Semen analysis does not provide information on the underlying molecular alterations in the seminal ejaculates of infertile men. Oxidative stress (OS) can affect sperm function and results in modification of proteins in the spermatozoa. Proteomics is the study of the protein profile of spermatozoa or seminal plasma and utilizes MALDI-TOF (matrix assisted laser desorption ionization – time of flight) and LC-MS/MS (liquid chromatography –mass spectrometry/mass spectrometry).

Utilizing proteomic analysis with Two-dimensional differential in-gel electrophoresis (2-DIGE) and liquid chromatography –mass spectrometry/mass spectrometry (LC-MS/MS) protein expression in a variety of sperm population was recently examined in difference in intensity were excised from the preparatory gel and identified by liquid chromatography–mass spectrometry. A total of 1,343 protein spots in gel 1 (ROS-) and 1,265 spots in gel 2 (ROS+) were detected. The majority of protein spots had similar expression, with 31 spots were differentially expressed. Six spots were significantly decreased and 25 increased in the ROS- sample compared with the ROS+ sample. Significantly different expression of protective proteins against oxidative stress was found in ROS- compared with ROS+ sample.

Utilizing Mascot and Sequest programs, further identification of proteins is done. The results from these SEQUEST searches are used to determine the spectral counts. Normalization of the spectral count is done using the total number of spectral counts for all proteins in the sample and the number of amino acids present in the protein. A 2-fold change in protein expression is considered significant since the precision of the proteomic analysis has an average error of 10-20%.

We have identified spermatozoal or seminal plasma proteins that are overexpressed or underexpressed in ROS – samples compared to ROS + samples. In addition we have studied proteins that are differentially expressed in patients with abnormal sperm count and sperm morphology compared with those that have normal sperm count and morphology.

Differentially affected processes pathways and cellular distribution as well as protein–protein interactions can be identified utilizing functional bioinformatics analysis available (Gene Ontology (GO) annotations from GO Term Finder and GO Term Mapper, UNIPROT, STRAP, BioGPS and proprietary software packages such as Ingenuity Pathway Analysis, Metacore™ and STRING database and Cytoscape to identify the differentially affected processes, pathways, cellular distribution, and protein-protein interactions amongst proteins in the two study groups as well as for data integration.
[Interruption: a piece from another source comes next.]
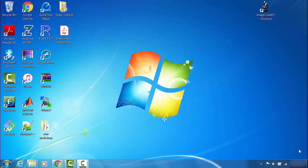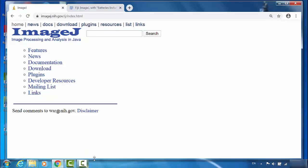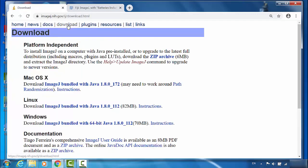Now we're going to download and install NIH ImageJ. We go to the website. This is NIH ImageJ. Go to the download page.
In these preliminary studies, we have established a platform to utilize proteomic tools and examine other etiologies in an effort to unravel the underlying mechanisms of male infertility and identify develop appropriate antioxidant therapy to alleviate oxidative stress related infertility.

Further validation through Western Blot is necessary to identify the biomarker status of the proteins in various pathological conditions attributed to oxidative stress or in patients with other etiologies.

The current focus is to study the alterations of major proteins that are overexpressed or underexpressed in the seminal plasma or spermatozoa of infertile men with various clinical diagnoses and compare with those present in normal healthy men who have established pregnancy.

Previous proteomic projects were:

1). Fertile versus infertile subjects, 2) primary versus secondary infertility, 3). patients who are presenting with non-obstructive azoospermia, 4) patients diagnosed with testicular cancer, 5) patients before and after varicocele repair, 6) idiopathic and ptients with 7) unexplained male infertility, 8) advanced paternal age (>40y) and 9). obese patients (>25 BMI).

In addition we are also evaluating a subset of patients who present with the following:

1). hyperviscosity, 2). leukocytospermia as one of the underlying characteristics of seminal ejaculate. Another study is aimed at examining the effect of abstinence time on the sperm proteome.